Nichole explains that training is short-term role-specific learning that can happen in a classroom or a skill-based environment. Simply, training is learning how to do a specific task or function. Development, however, is learning how to handle concepts and manage conflict or problems solving. This is done in a much slower-paced, long-term coaching or mentoring environment. Employee development takes time and investment and is sometimes saved for higher performers.

What is the value and use of training in the workplace?

Training is valuable because it increases morale & engagement, improves self-efficiency, boosts productivity & performance, streamlines consistent processes, prepares employees, and increases customer satisfaction.

Training can be used in many ways:

  1. It’s used to help new hires understand and learn their role.
  2. It’s necessary for compliance and employment law.
  3. It can be helpful when introducing or implementing new functions and systems in a company.
  4. It bridges the gap between skills and knowledge.
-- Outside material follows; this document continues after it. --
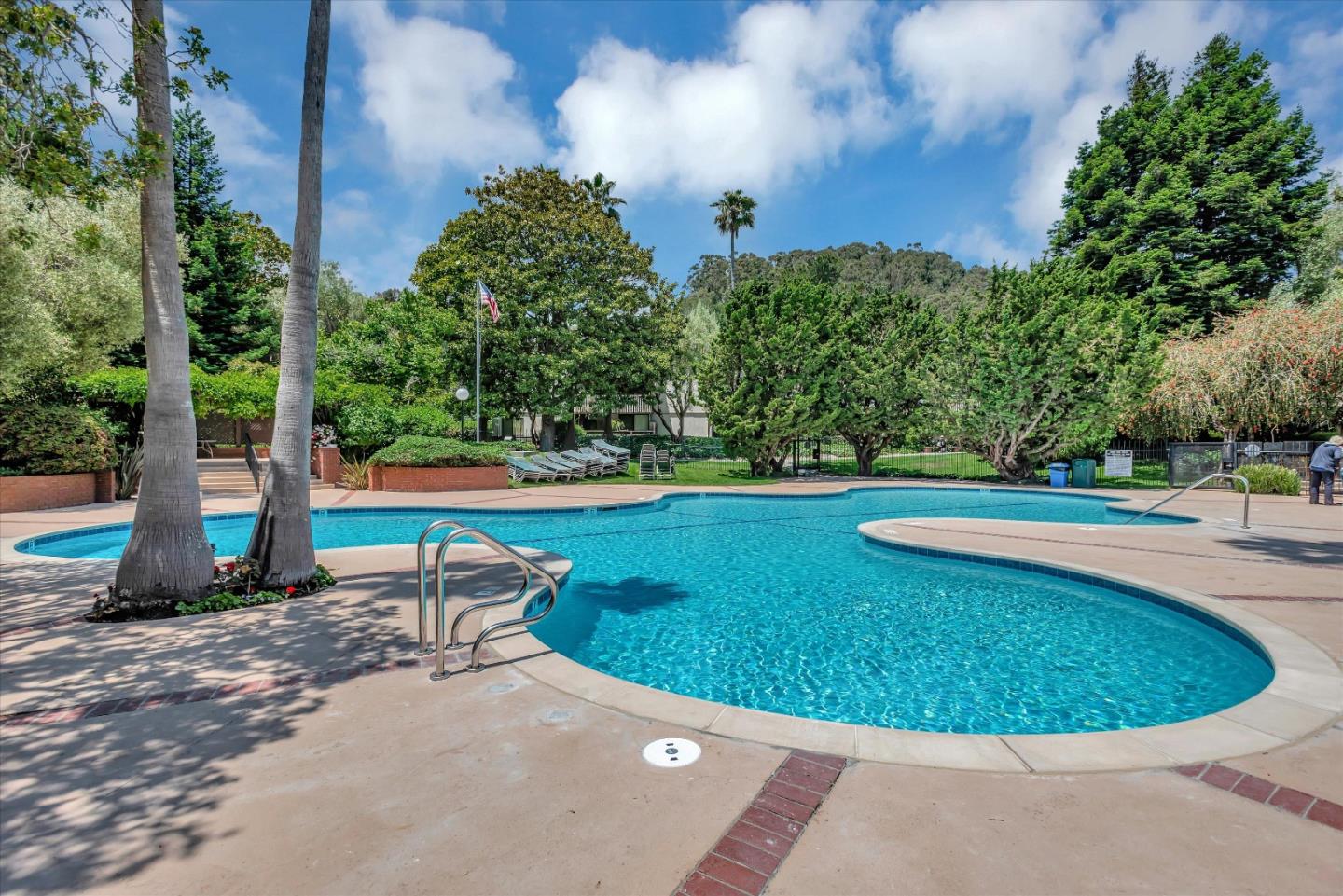 6348 Shelter Creek LN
When is training NOT the answer?

When a company is experiencing organizational barriers, like when managers & team members don’t communicate openly or if there is a high amount of distrust within an organization, training may not always be the best way to handle this issue. In this situation, more training could further hinder a team member from expressing concerns about a particular project or asking for help with a specific task. Instead, this is an instance when you may need to employ coaching and mentoring for your managers so that they can build trust with their team members.

Another example of when training is not the answer is productivity is low due to low morale. Instead of training employees on how to do tasks, the focus should be more on how to create a morale-boosting environment within the company.

What is the value and use of development in the workplace?

As I mentioned before, development tends to be reserved for higher performers. This is because higher performers have already displayed a desire to grow. Although you can train anyone to possess a specific skill set, you can’t teach someone to have the motivation necessary to develop. So to prevent wasting resources on developing unmotivated team members, a company may evaluate that individual’s drive and hunger for growth.

Development, when awarded to motivated, growth-minded team members, can be beneficial in the workplace for various reasons:

  1. Succession Planning – This is identifying the critical positions within your organization and developing plans for individuals to assume those positions.
  2. Leadership Development – Development can be used to coach and mentor team members on managing others and building teams. It also teaches leaders how to handle unexpected situations.
  3. Career Growth- Development can include crucial soft skills that boost an employee’s performance. (i.e., people skills, public speaking, organization, etc.)
  4. Company Goal Achievement – Development is helpful to give leaders the necessary tools for project management, goal & progress tracking, and other skills that move the company forward.
  5. Improves Engagement – Knowing that a company has processes to help employees grow can help is a natural morale booster. It also opens up the lines of communication between employees and management. Employees want to know that their needs are heard, and their ambitions are cared about, so development can be seen as a “company benefit.”

How can you be an employee who grows faster, and gets rewarded with more development opportunities?

At the end of our incredible session with Nichole, she gives helpful tips on how to get on your employer’s radar to be awarded more development opportunities. Her answer was to seek those opportunities out. When an employee asks their manager, “What can I do to be a top performer? How do I receive more development opportunities?” they display a hunger to grow. This is the type of hunger that managers look for when they’re willing to invest in their team.

As a Learning & Development Assistant for a people & culture-focused company, I can tell you first-hand that there isn’t a shortage of people looking to grow and develop professionally. Every month, I schedule, manage, and deliver training to corporate professionals who truly want to thrive in their careers and genuinely want to contribute their talents to the company because of the training and development opportunities we provide them. When an employer invests in their employees, most of those individuals will return that investment back into their company. This, however, is a two-way street. As much as a company should be providing these opportunities, much to Nichole’s point, employees also need to be showing a desire to grow.